A statement signed by 220 members of parliament and 85 House of Lords members called for Iran’s main opposition group, the People’s Mujahidin, to be removed from a US list of terrorist organisations.
“The world now knows that the PMOI (People’s Mujahedeen) is an essential part of the drive to halt the advance of fundamentalism in Iraq and the region,” said the statement which was released on Thursday.
“This underlines the need to remove the terrorist tag from the PMOI and hang it around the neck of the terrorist mullahs’ regime in Tehran, which is also guilty of mass violations of human rights
“Thus it is important to recognise the presence of the PMOI in Iraq as an independent political movement.”
Deportation
The US-installed interim Governing Council (IGC) in Iraq announced on 9 December that it planned to deport the People’s Mujahidin group.

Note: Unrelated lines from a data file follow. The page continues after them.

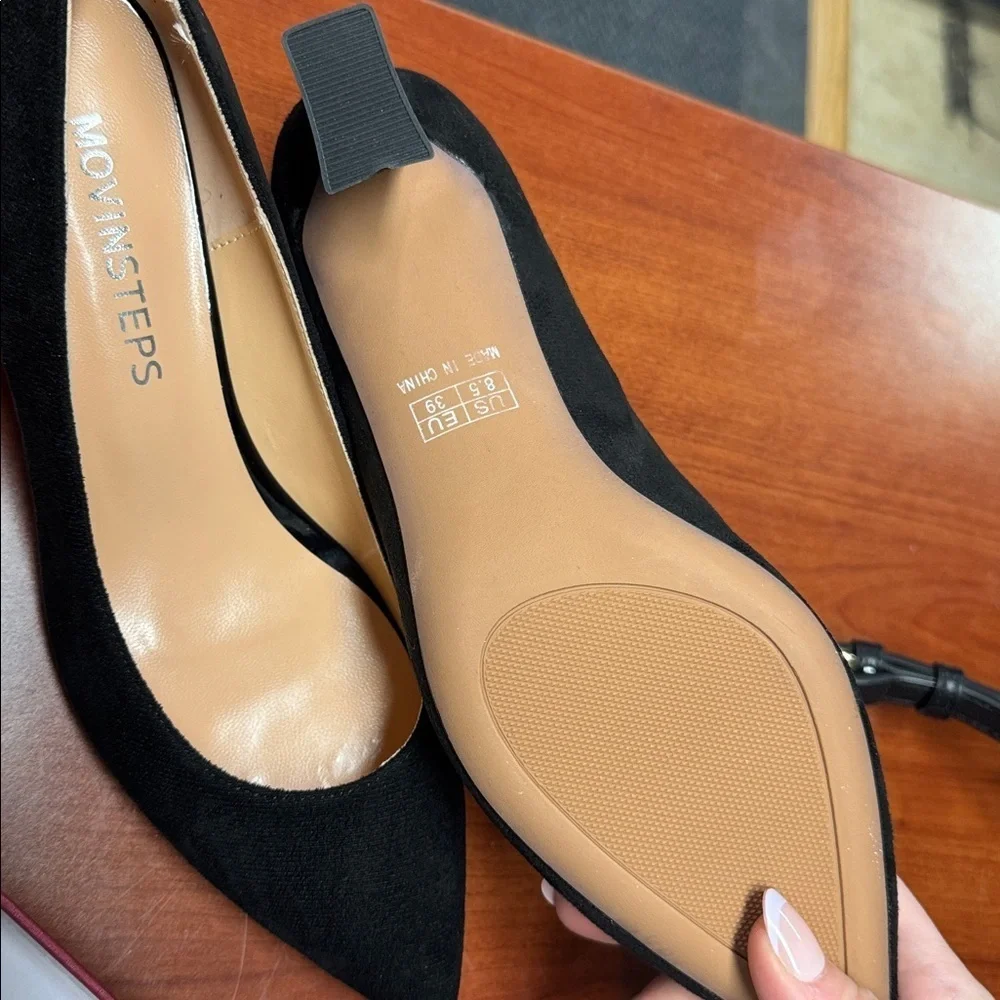 Movinsteps heels size 8.5 // 111413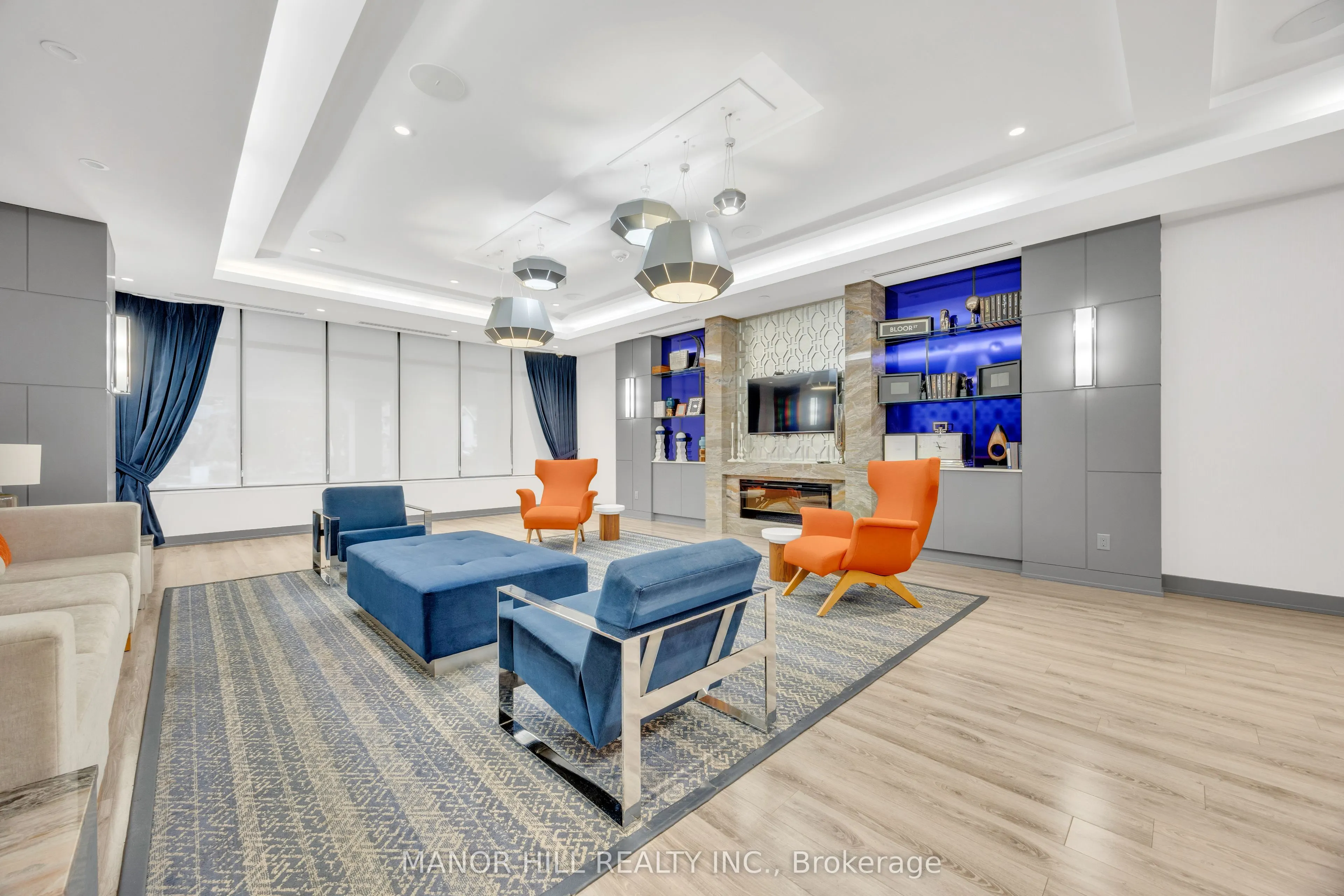 2 Old Mill Drive, #323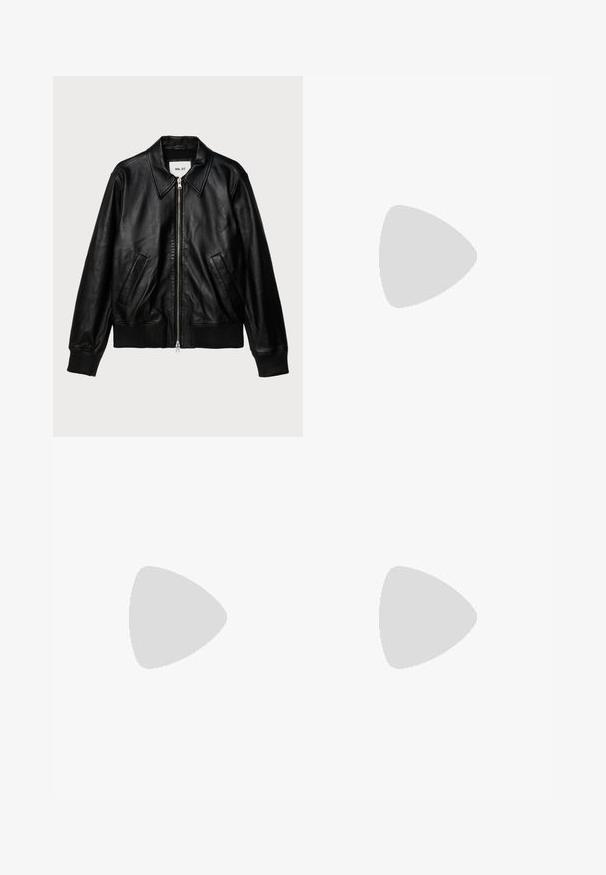 Zwarte leren jas met een kraag, ritssluiting, geribbelde zoom en manchetten, en twee zijzakken. Stof met een soepele textuur, klassiek ontwerp.; Zwarte korte mouwen crew neck t-shirt met klein wit "Filling Pieces" tekstlogo op de linkerborst.; Marineblauwe, op maat gemaakte broek met een rechte pijpdesign, plooien aan de voorkant, knoopsluiting en geen zichtbare zakken. Soepele stoftextuur.; Zwarte leren sneaker met grijze accenten, witte rubberen zool, ronde neus en zes zwarte oogjes voor veters. Textuurdetail aan de zijkant.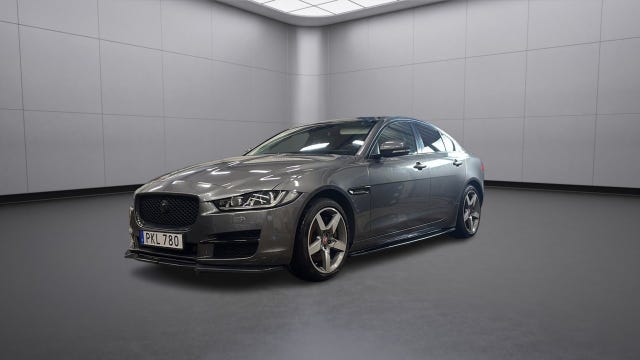 Jaguar XE 2018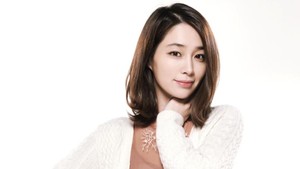 Lee Min Jung tumbuh dari keluarga mapan dengan ayah pemilik perusahaan periklanan besar. Foto: ONE TV Asia (SBS)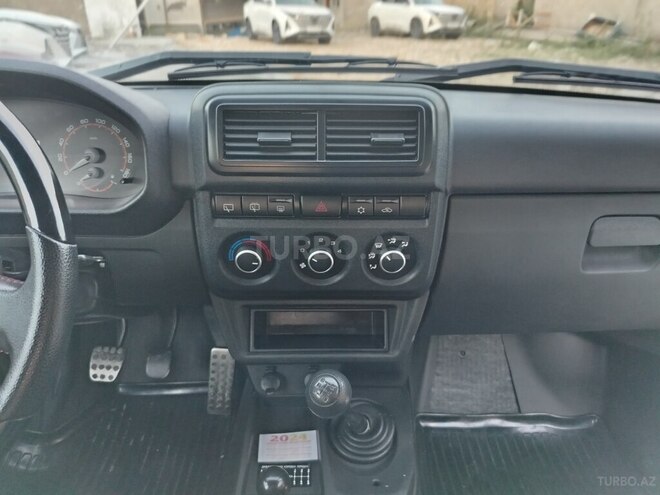 LADA (VAZ) Niva-18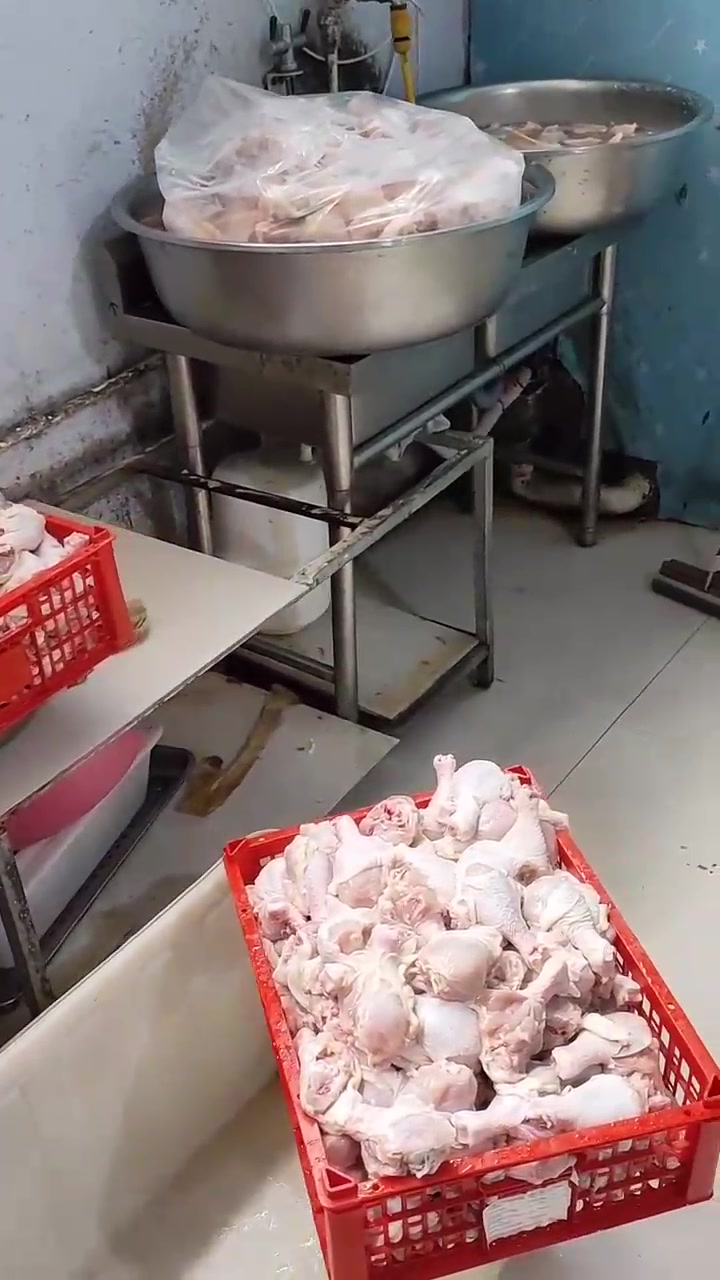 来楼下的炸鸡店上班,看完眼前一幕后,现在后悔还来得及吗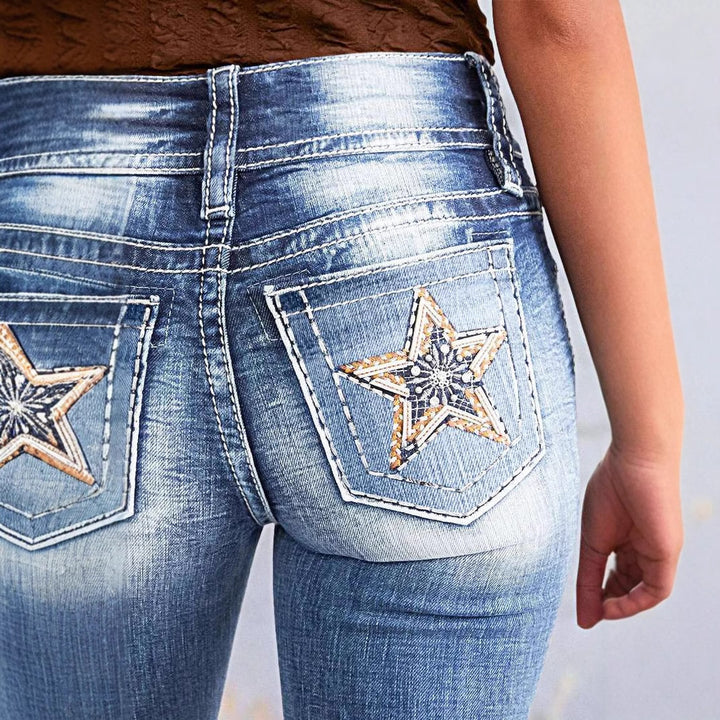 Dame Bootcut Jeans med fleksibelt strækstof og høj komfortlinning Stilla
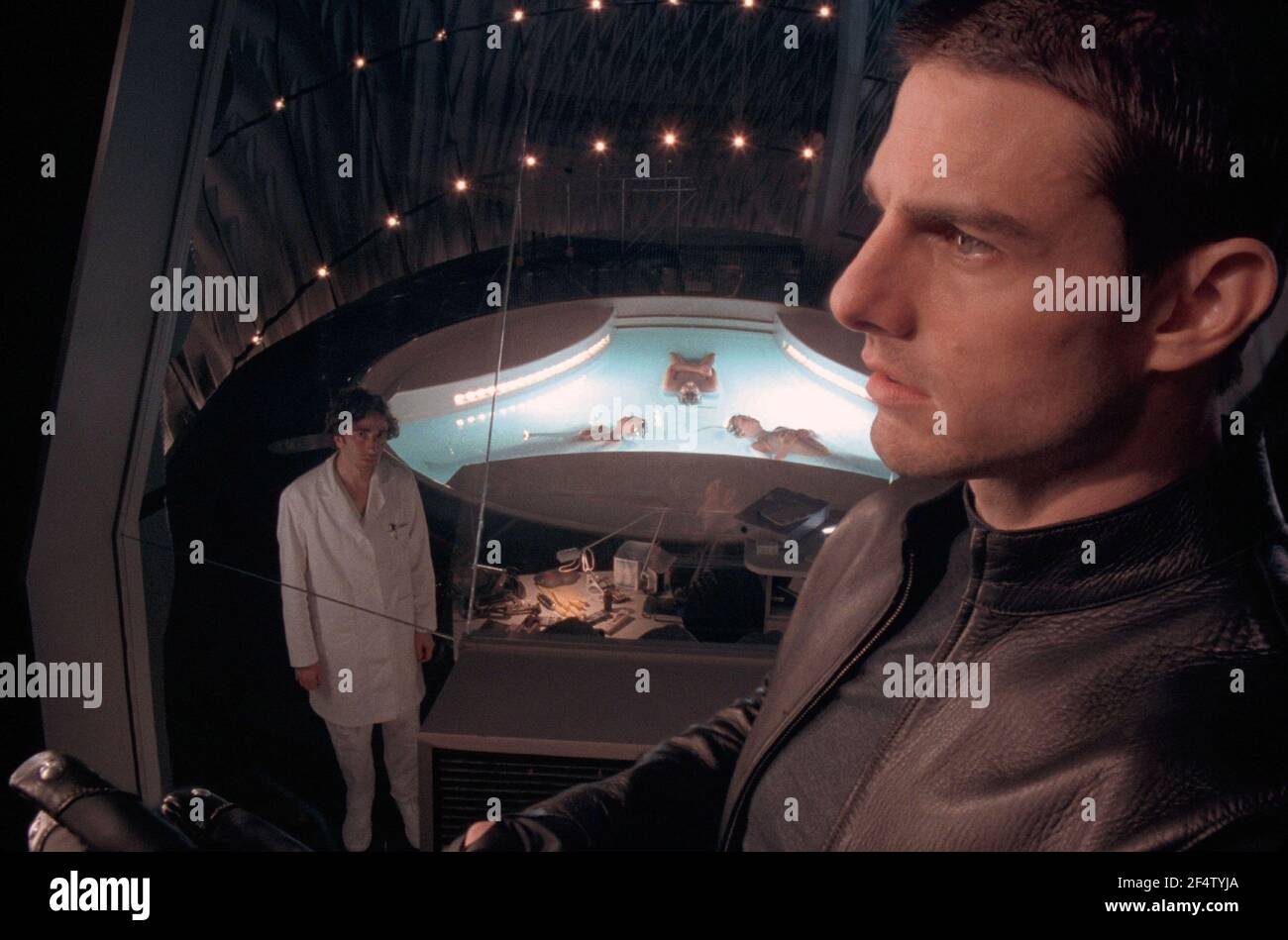 TOM CRUISE in MINORITY REPORT (2002), Regie Steven SPIELBERG. Kredit: 20th CENTURY FOX / Album Stockfoto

“The world now knows that the PMOI (People’s Mujahedeen) is an essential part of the drive to halt the advance of fundamentalism in Iraq and the region… This underlines the need to remove the terrorist tag from the PMOI and hang it around the neck of the terrorist mullahs’ regime in Tehran, which is also guilty of mass violations of human rights” British politicians’ statement |
The US administrator in Iraq, Paul Bremer, has said that members of the People’s Mujahidin in US custody would not be sent to Iran for trial, as demanded by Tehran, but to third countries.
“As clearly stated by experts in international law, Iraq is a country under occupation and therefore the status of the PMOI in Iraq is governed by international law, and not the IGC,” the British politicians said.
The People’s Mujahidin mounted attacks inside Iran from neighbouring Iraq when Saddam Hussein was in power, but surrendered to the coalition in May, when US troops disarmed more than 3800 of them.
They are now guarded by US troops at their base in Camp Ashraf, northeast of the Iraqi capital.
Western citizens
But the British parliamentarians said there were “scores” of British, European and US citizens among the PMOI in Iraq that could face extradition to Iran.
“There is no doubt whatsoever that if that were to happen, we would be condemning those hundreds in Iraq to immediate torture and death,” MP Win Griffiths, of Britain’s ruling Labour Party, said.
But a spokesman for the Iranian embassy in London said repentant rebels would be allowed to return to their families, but their leaders would face trial on terrorist charges.
Muhammad Eskandari said: “They have shed much innocent blood. They have killed at least 3000 Iranians. They have killed even Americans in the past. They are a terrorist group.”
The People’s Mujahidin helped overthrow the US-backed Shah during Iran’s 1979 Islamic revolution, but then fell out with the dominant party of Ayat Allah Ruhollah Khomeini.
“They have shed much innocent blood. They have killed at least 3000 Iranians. They have killed even Americans in the past. They are a terrorist group” Muhammad Eskandari, |
Disaffected exiles
The group has attracted some disaffected Iranian exiles, but its attempts to stir up revolt against the Islamic Republic have fallen on deaf ears inside Iran where it has little or no support.
The opposition group was a well-armed fighting force that, with backing from Saddam, continued a guerrilla insurgency against the Islamic government in Tehran from 1988 onwards.
Both the United States and Iran consider it a terror organisation because its attacks have often killed civilians.
The United States also banned the group’s political wing, headed by husband and wife Masud and Maryam Rajavi, and froze its bank accounts.
But despite the group’s violent tactics, its strong stand against Iran and pro-democratic rhetoric have won it support among some US and European lawmakers.